Durante los años treinta y cuarenta, Romero había ido madurando una concepción de la historia alternativa a las que entonces se disputaban el campo en la Argentina. Su posición se caracterizaba tanto por el armazón filosófico más complejo y preciso, cuanto por el modo en que fundamentaba la relación entre el historiador, su práctica disciplinar y el mundo contemporáneo —incluyendo las exigencias políticas de éste— Las fuentes de su pensamiento son conocidas: la Kulturgeschichte alemana y, fundamentalmente, la escuela de los nuevos “filósofos de la historia” integrada por Rickert, Windelband, Dilthey y Simmel. Esa reflexión se vio enriquecida por su amplia cultura historiográfica y también por un conocimiento intenso de clásicos de los siglos XVIII y XIX, como Vico, Voltaire y Michelet.
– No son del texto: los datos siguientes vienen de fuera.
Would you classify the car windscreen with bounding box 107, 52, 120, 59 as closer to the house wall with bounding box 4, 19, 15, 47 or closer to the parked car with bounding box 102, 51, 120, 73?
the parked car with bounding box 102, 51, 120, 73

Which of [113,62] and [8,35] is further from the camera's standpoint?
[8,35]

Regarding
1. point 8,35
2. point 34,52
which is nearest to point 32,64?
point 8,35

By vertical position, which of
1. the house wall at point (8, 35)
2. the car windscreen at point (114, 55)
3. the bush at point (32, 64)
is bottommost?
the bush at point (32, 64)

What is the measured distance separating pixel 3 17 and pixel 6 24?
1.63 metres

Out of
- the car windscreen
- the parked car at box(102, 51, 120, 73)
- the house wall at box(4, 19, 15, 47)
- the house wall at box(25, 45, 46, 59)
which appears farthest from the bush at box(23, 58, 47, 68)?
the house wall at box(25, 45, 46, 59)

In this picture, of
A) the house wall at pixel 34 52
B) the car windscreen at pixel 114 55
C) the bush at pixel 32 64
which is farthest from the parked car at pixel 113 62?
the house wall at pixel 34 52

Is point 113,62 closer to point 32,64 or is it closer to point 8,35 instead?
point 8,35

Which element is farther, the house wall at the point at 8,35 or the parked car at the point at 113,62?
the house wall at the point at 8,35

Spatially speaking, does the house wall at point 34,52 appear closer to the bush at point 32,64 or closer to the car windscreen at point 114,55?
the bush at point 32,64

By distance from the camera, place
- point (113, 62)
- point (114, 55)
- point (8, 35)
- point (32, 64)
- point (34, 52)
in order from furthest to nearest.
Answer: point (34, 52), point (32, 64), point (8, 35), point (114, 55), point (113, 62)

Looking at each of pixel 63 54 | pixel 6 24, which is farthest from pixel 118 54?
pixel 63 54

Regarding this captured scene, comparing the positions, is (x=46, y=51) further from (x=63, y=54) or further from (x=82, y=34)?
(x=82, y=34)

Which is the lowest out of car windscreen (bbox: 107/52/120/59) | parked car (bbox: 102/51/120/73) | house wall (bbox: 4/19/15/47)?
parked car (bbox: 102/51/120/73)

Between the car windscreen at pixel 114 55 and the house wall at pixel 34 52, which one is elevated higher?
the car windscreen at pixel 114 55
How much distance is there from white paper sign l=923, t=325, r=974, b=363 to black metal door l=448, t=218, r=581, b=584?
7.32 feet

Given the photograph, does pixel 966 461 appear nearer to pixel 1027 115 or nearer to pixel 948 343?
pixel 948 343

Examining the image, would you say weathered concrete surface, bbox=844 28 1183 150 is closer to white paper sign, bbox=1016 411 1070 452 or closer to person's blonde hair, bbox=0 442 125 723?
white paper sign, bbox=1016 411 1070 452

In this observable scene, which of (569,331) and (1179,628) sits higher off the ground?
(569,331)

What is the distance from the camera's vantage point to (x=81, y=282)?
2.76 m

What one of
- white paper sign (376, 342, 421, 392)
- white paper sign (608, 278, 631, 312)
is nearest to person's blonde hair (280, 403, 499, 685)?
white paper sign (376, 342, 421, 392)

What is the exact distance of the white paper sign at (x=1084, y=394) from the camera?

Su concepción de la relación entre el historiador y la historia aceptaba la proposición neokantiana de ein geschichtliche Leben —una “vida histórica”— como segundo medio constitutivo —equiparable a la naturliche Leben— de las condiciones de posibilidad del espíritu humano, lo cual implicaba que el conocimiento de la historia (como el de la naturaleza para Kant) debía realizarse a partir de categorías a priori. En sintonía con la aseveración de Simmel de que “la historia es una construcción”, Romero caracterizó así al conocimiento histórico:

De este pasado no aspiramos a conocer la totalidad, como no aspiramos a conocer la totalidad del árbol o del hombre. Es condición del conocimiento humano contentarse con percibir esquemas de las cosas. Este pasado, filtrado por la crítica rigurosa, decanta en la reflexión de sus líneas directoras, y por su intermedio, el presente adquiere continuidad y secuencia, sin servidumbres que limiten su libre expresión. Para que toda la historia sea pasado de este estilo, será necesario resucitarlo sin olvidar que está muerto.[8]
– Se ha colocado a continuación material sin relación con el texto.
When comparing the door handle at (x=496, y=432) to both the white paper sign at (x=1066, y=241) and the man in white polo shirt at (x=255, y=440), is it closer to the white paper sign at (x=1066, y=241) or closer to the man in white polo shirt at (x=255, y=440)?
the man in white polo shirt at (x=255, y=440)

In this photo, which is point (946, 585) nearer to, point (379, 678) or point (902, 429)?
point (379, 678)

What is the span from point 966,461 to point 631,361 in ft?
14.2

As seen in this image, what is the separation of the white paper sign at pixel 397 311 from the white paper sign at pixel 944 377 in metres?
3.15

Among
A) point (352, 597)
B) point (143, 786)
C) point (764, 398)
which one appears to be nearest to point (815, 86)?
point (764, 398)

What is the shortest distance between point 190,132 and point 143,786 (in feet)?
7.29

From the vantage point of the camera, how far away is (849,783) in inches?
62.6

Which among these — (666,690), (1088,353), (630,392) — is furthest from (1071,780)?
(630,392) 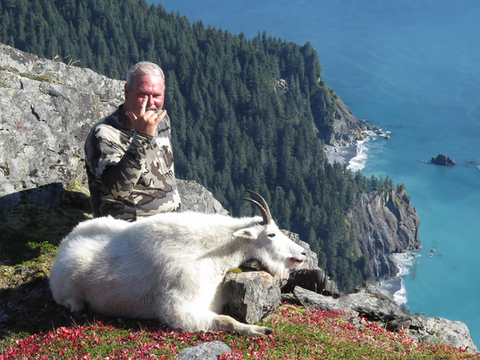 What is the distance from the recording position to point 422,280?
194 meters

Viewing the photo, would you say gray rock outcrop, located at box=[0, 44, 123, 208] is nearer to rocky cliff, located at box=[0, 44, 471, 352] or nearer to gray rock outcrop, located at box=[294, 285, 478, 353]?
rocky cliff, located at box=[0, 44, 471, 352]

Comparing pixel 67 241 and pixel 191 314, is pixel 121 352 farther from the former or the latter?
pixel 67 241

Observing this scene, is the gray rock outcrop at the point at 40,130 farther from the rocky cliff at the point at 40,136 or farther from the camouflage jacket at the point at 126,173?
the camouflage jacket at the point at 126,173

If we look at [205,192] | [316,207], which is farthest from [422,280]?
[205,192]

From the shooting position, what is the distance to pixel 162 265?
24.1 ft

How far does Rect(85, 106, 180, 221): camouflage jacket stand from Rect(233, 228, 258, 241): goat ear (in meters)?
1.78

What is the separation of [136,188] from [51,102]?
5.29 meters

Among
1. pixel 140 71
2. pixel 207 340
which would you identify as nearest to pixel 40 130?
pixel 140 71

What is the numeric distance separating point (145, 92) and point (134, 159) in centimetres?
159

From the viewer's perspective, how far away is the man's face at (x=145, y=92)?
28.0 ft

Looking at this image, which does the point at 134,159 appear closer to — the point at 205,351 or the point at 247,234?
the point at 247,234

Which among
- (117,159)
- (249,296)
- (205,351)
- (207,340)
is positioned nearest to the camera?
(205,351)

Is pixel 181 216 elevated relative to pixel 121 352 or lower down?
elevated

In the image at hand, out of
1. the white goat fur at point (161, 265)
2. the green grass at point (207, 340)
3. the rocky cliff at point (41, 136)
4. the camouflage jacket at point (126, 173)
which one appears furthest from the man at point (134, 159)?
the rocky cliff at point (41, 136) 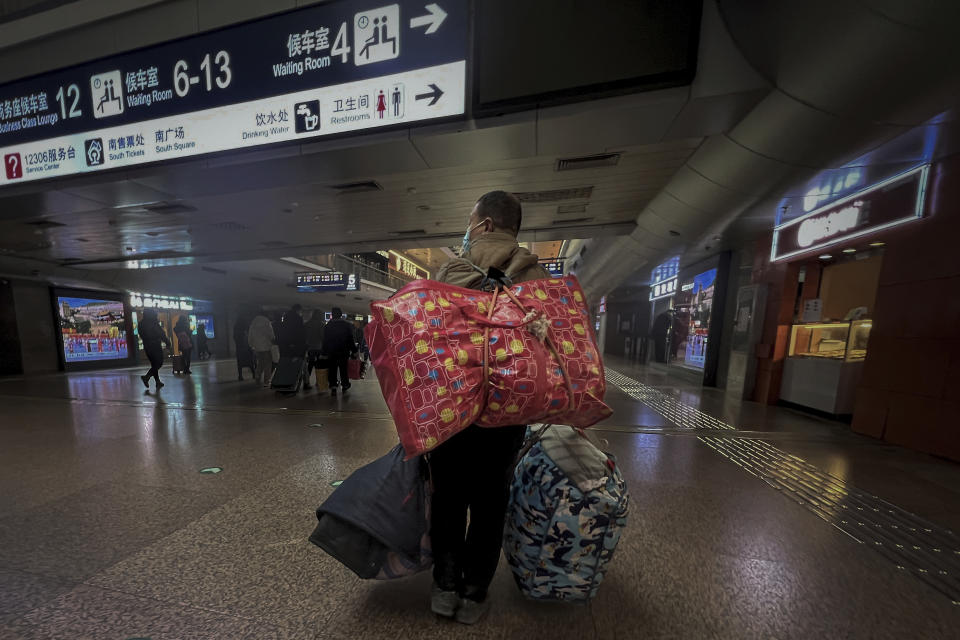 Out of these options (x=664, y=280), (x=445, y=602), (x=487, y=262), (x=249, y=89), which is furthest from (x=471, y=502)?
(x=664, y=280)

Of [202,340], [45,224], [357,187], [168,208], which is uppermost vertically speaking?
[357,187]

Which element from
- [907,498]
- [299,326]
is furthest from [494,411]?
[299,326]

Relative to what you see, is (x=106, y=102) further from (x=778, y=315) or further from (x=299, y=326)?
(x=778, y=315)

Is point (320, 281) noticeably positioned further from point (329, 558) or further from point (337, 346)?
point (329, 558)

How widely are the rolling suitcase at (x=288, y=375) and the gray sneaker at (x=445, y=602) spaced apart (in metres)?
5.76

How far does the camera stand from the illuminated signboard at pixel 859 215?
3596mm

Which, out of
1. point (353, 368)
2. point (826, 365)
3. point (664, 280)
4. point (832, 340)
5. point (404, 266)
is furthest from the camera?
point (404, 266)

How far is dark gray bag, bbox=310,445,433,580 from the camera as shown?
4.05ft

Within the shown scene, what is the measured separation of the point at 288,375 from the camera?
613cm

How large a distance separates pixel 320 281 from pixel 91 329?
806 cm

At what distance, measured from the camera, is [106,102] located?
287 centimetres

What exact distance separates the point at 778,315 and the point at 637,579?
6158mm

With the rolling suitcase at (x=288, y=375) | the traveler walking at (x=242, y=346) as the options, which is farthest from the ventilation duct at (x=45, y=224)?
the rolling suitcase at (x=288, y=375)

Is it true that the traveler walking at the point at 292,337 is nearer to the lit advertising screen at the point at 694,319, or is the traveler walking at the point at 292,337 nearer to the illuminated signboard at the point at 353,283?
the illuminated signboard at the point at 353,283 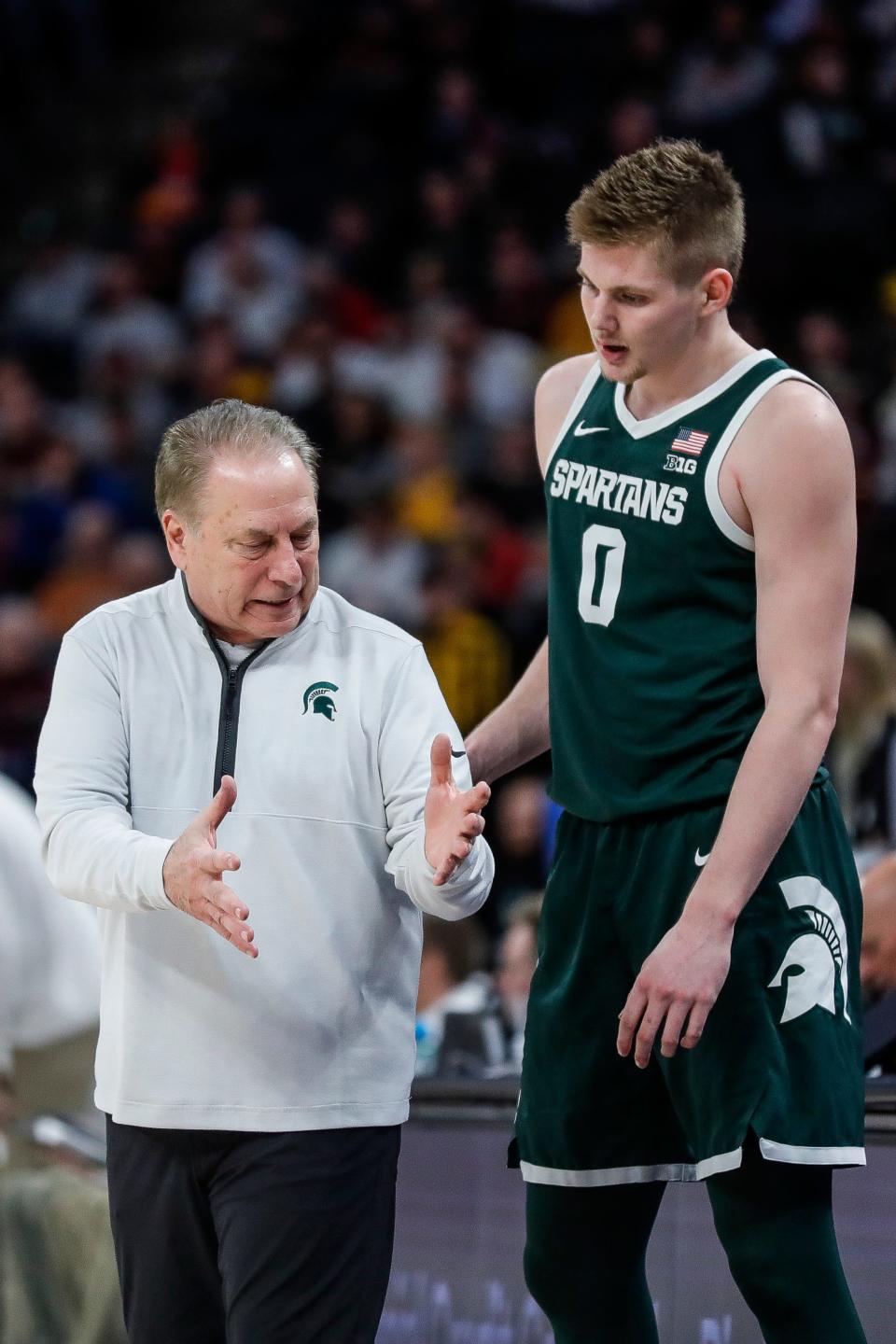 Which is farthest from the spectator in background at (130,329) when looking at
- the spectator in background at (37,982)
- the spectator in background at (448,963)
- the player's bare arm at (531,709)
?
the player's bare arm at (531,709)

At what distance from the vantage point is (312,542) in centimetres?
257

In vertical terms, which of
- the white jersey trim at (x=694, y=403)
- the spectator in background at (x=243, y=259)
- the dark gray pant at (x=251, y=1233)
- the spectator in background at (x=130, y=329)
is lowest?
the dark gray pant at (x=251, y=1233)

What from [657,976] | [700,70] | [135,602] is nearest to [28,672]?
[700,70]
Ello implicaba, necesariamente, que la única historia auténtica era la que debía escribirse desde el presente, y en una actitud de compenetración con ese presente. Frente a la exigencia metodológica de la “escuela erudita”, Romero postulaba que la erudición, el rigor metodológico —por más necesarios que fueran—, no dejaban de ser, al fin y al cabo, ancillae historiae. En clara contraposición al ideal de la Nueva Escuela, distinguía entre “la historia como mero saber” y “la historia viva”.[9]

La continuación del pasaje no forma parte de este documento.